I sold my house and used all the proceeds to buy another house.

  • February 1, 2020
  • 1 reply
  • 0 views
Capital gains used as a downpayment on another home

1 reply

ColeenD3
February 1, 2020

It doesn't matter what what you did with the money. If you sold your house at a gain, you have to report the gain, unless you qualify for the exclusion. Gain is the difference between cost and sales price, adjusted by improvements made, sales expenses and depreciation taken, if any.

 

The tax law that allowed you to put the money towards another home expired in 1997.

 

Does Your Home Sale Qualify for Maximum Exclusion

The tax code recognizes the importance of home ownership by providing certain tax breaks when you sell your home. To qualify for these breaks, your home must meet the Eligibility Test .

 

How your sale qualifies.   Your sale qualifies for exclusion of $250,000 gain ($500,000 if married filing jointly) if all of the following requirements are met.

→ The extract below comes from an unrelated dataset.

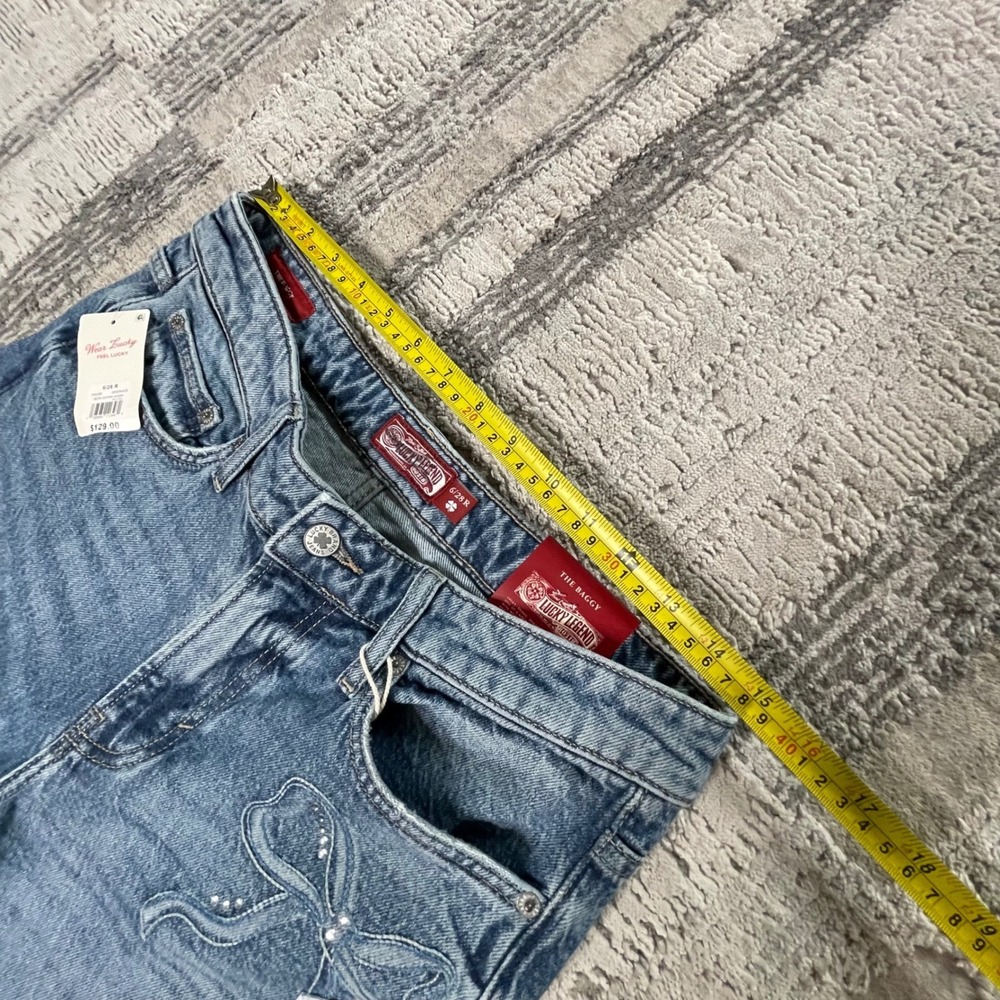 NEW Lucky Brand Legend The Baggy Jeans Blue Bow Embroidery Rhinestone 6/28 R - Picture 9 of 12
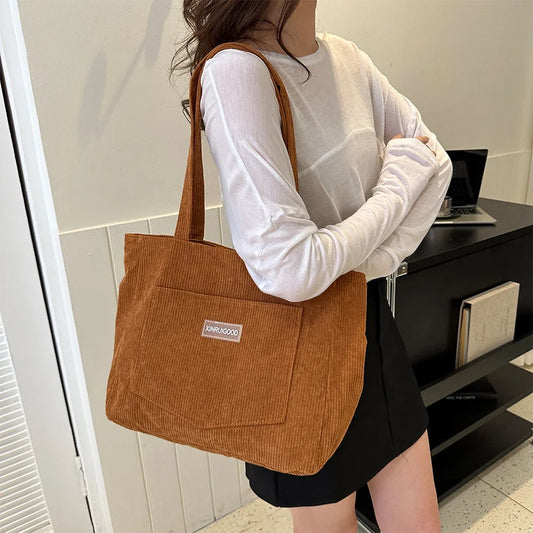 Corduroy Tote – Waterproof, Large Capacity Shoulder Bag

  • You owned the home and used it as your main home during at least 2 of the last 5 years before the date of sale.
  • You didn’t acquire the home through a like-kind exchange (also known as a 1031 exchange), during the past 5 years.
  • You didn’t claim any exclusion for the sale of a home that occurred during a 2-year period ending on the date of the sale of the home, the gain from which you now want to exclude.